Set the data below down again, exactly, with every picture left out.

● Exercise data
------------
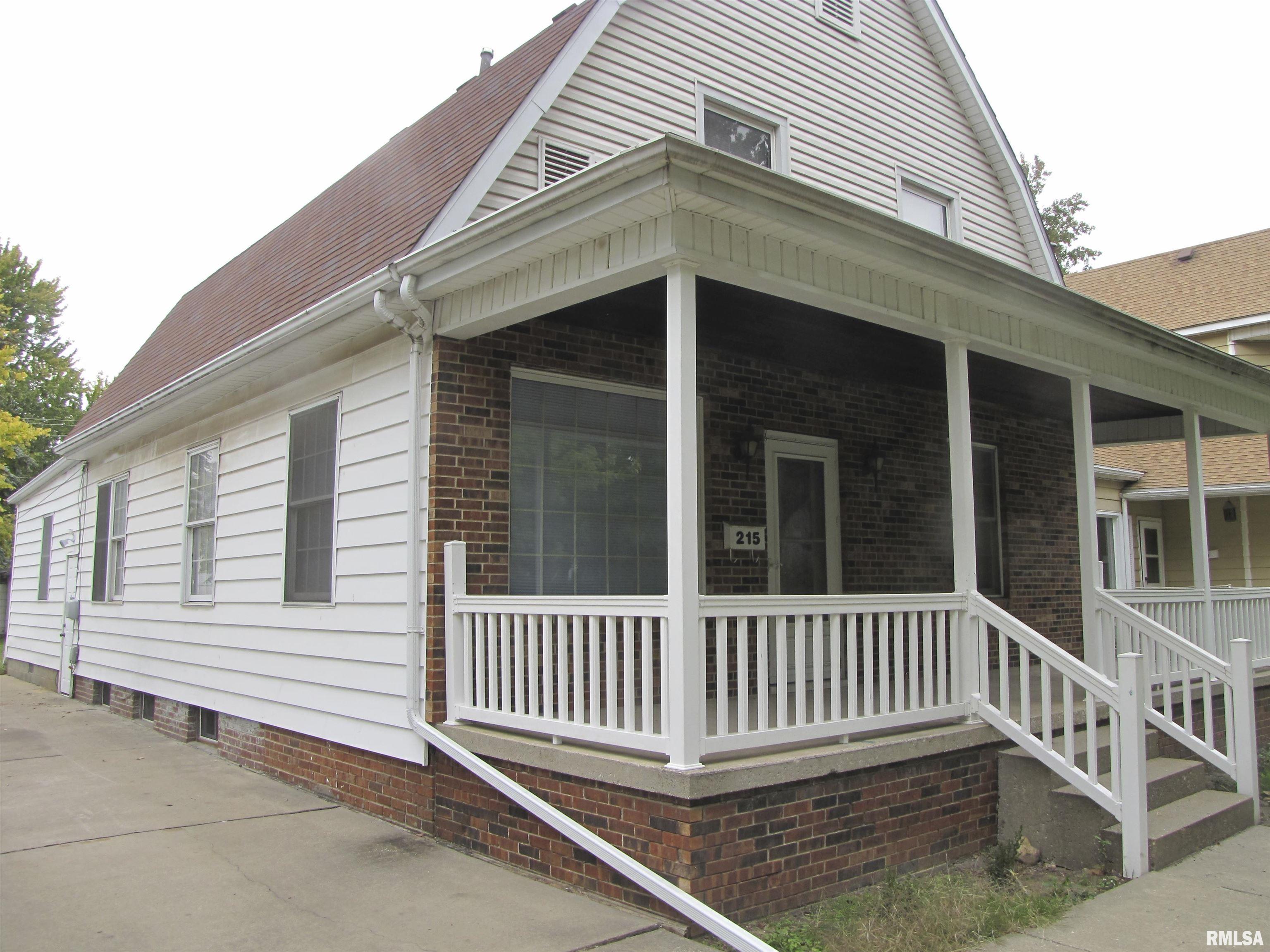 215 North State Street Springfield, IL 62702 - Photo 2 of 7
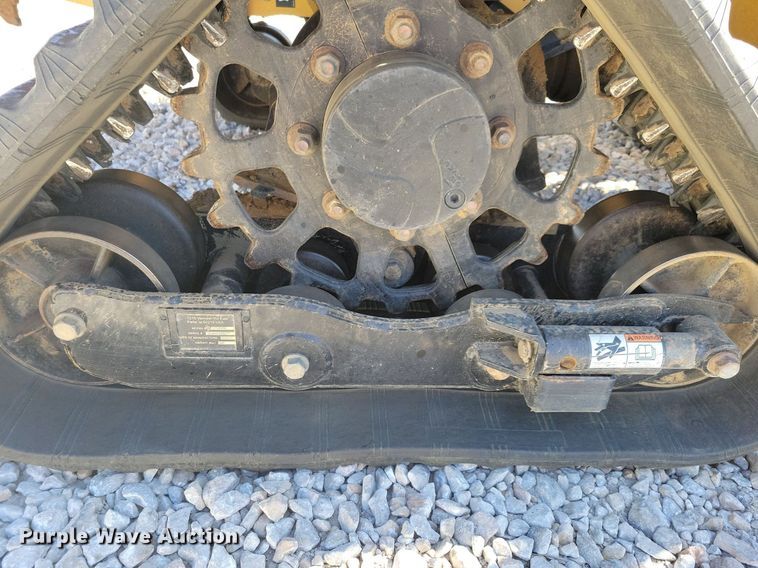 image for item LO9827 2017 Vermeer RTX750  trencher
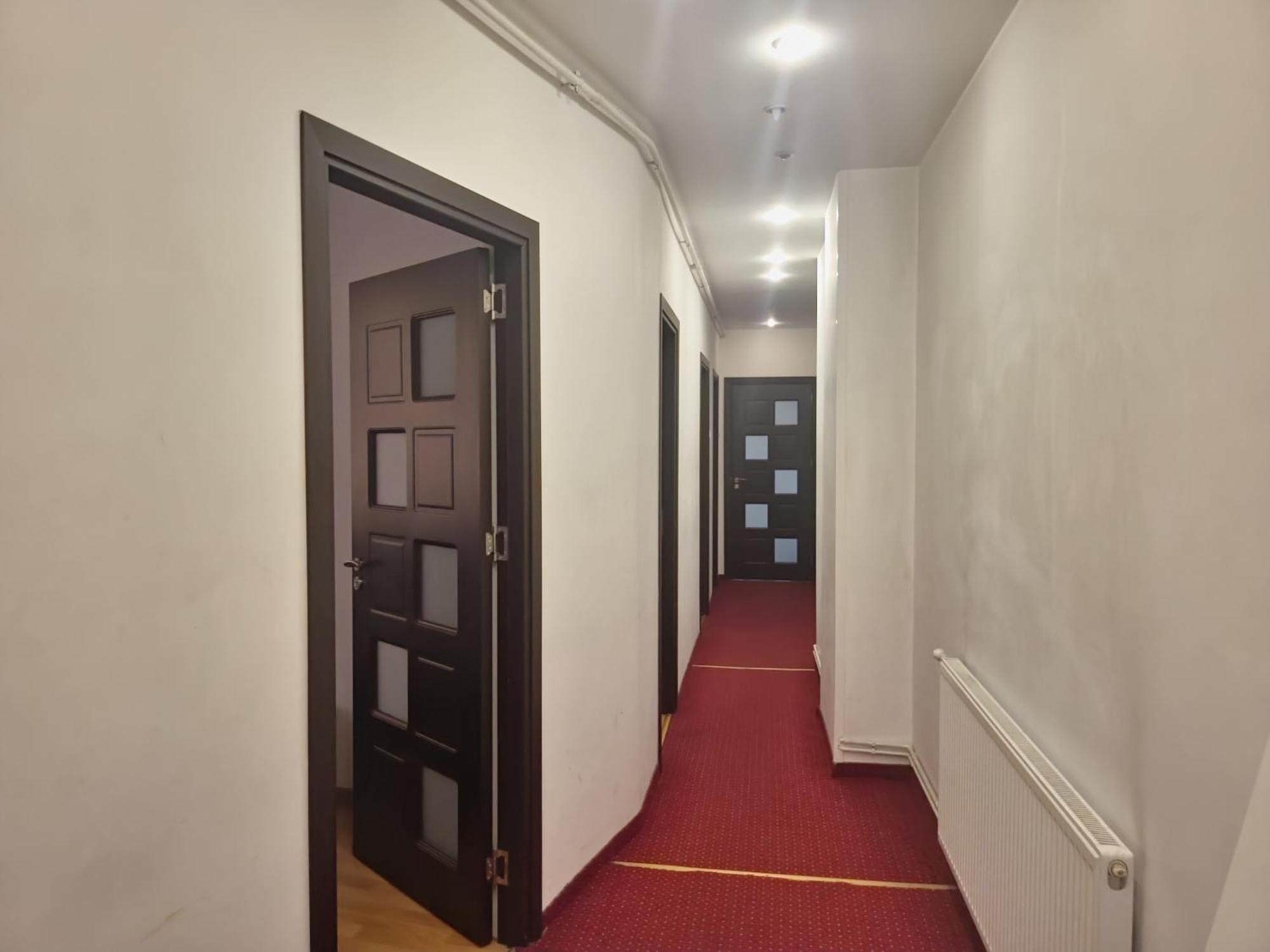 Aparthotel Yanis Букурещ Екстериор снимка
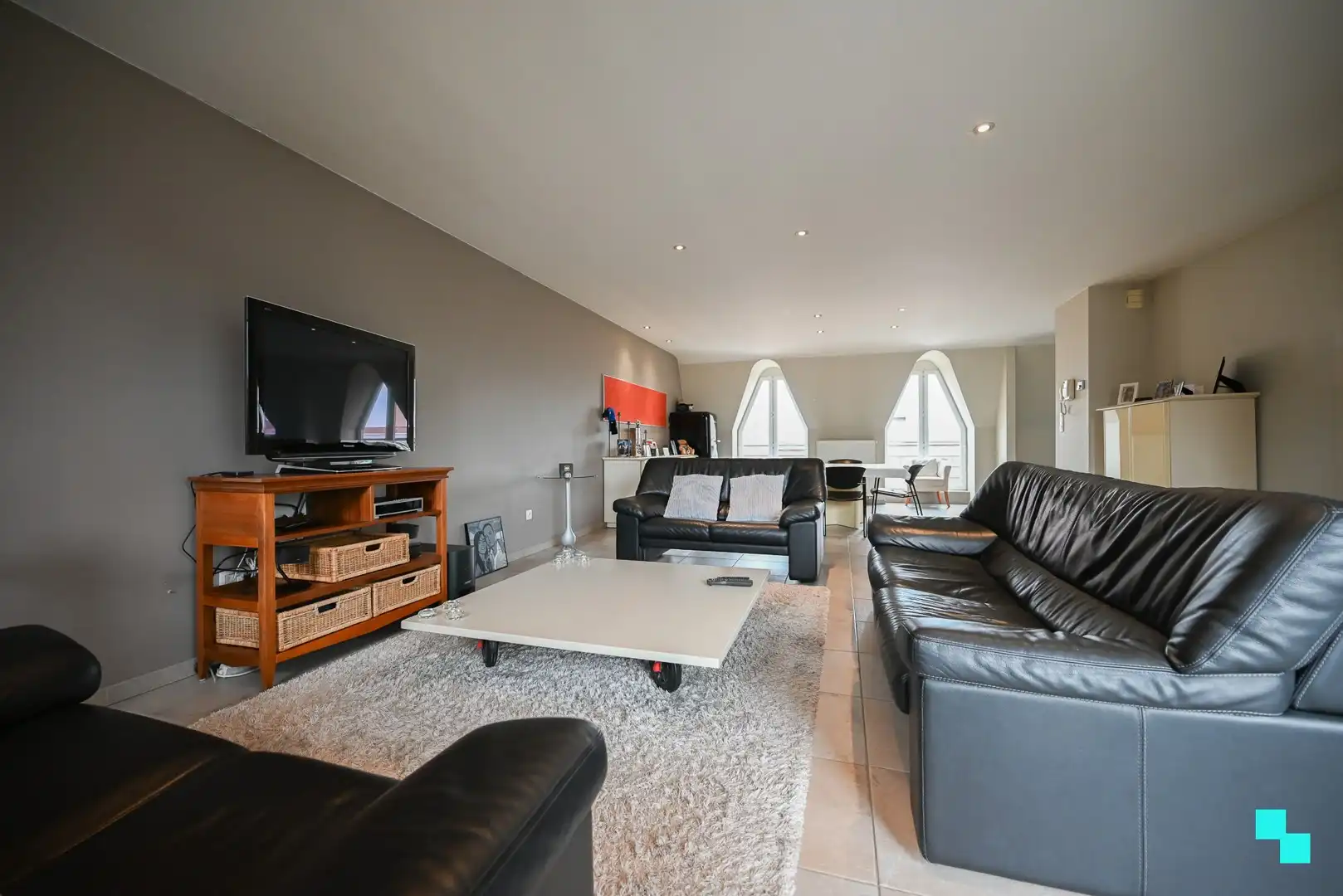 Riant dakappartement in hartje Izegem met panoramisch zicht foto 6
------------
● Result
 215 North State Street Springfield, IL 62702 - Photo 2 of 7
 image for item LO9827 2017 Vermeer RTX750  trencher
 Aparthotel Yanis Букурещ Екстериор снимка
 Riant dakappartement in hartje Izegem met panoramisch zicht foto 6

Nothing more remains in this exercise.